▸ Directions for this task:
Could you retype the records word for word but without any pictures?

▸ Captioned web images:

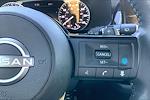 2024 Nissan Pathfinder 4WD SUV for sale #T5957B - photo 18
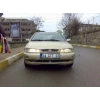 KIA SEPHIA- 97/98; ARAÇ BİLGİLERİ VE RESİMLERİ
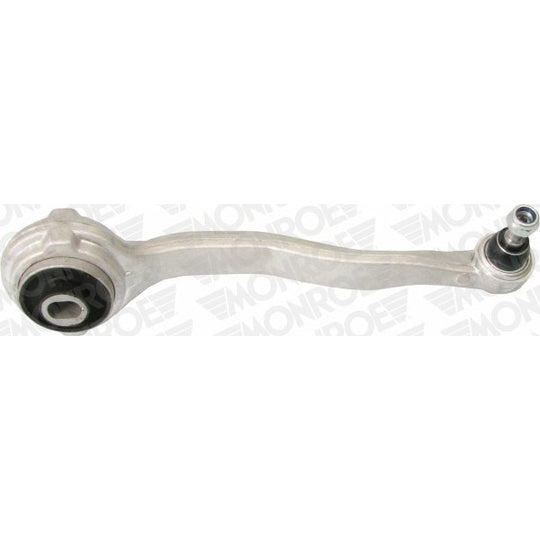 Monroe Track Control Arm to suit Mercedes-Benz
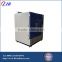 High Pressure Oven O-300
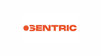 Sentric Music // Copyright Manager (Liverpool/London)
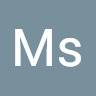 Mavis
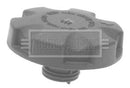 Borg & Beck Radiator Cap Part No -BRC125
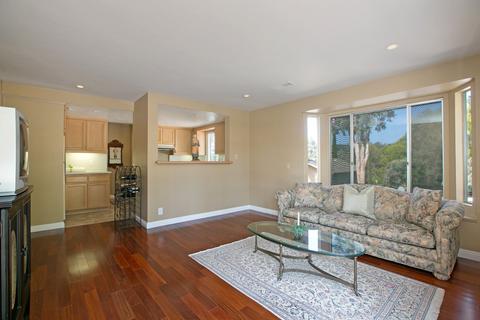 2710 Lone Jack, Encinitas, CA 92024 photo 16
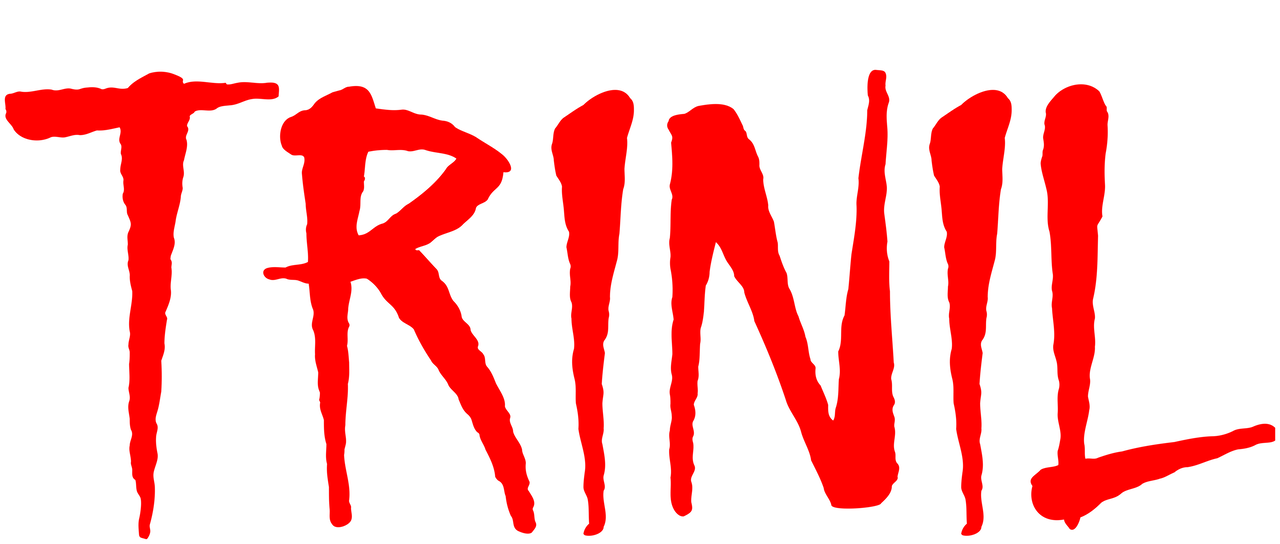 Trinil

▸ Solution below:
 2024 Nissan Pathfinder 4WD SUV for sale #T5957B - photo 18
 KIA SEPHIA- 97/98; ARAÇ BİLGİLERİ VE RESİMLERİ
 Monroe Track Control Arm to suit Mercedes-Benz
 High Pressure Oven O-300
 Sentric Music // Copyright Manager (Liverpool/London)
 Mavis
 Borg & Beck Radiator Cap Part No -BRC125
 2710 Lone Jack, Encinitas, CA 92024 photo 16
 Trinil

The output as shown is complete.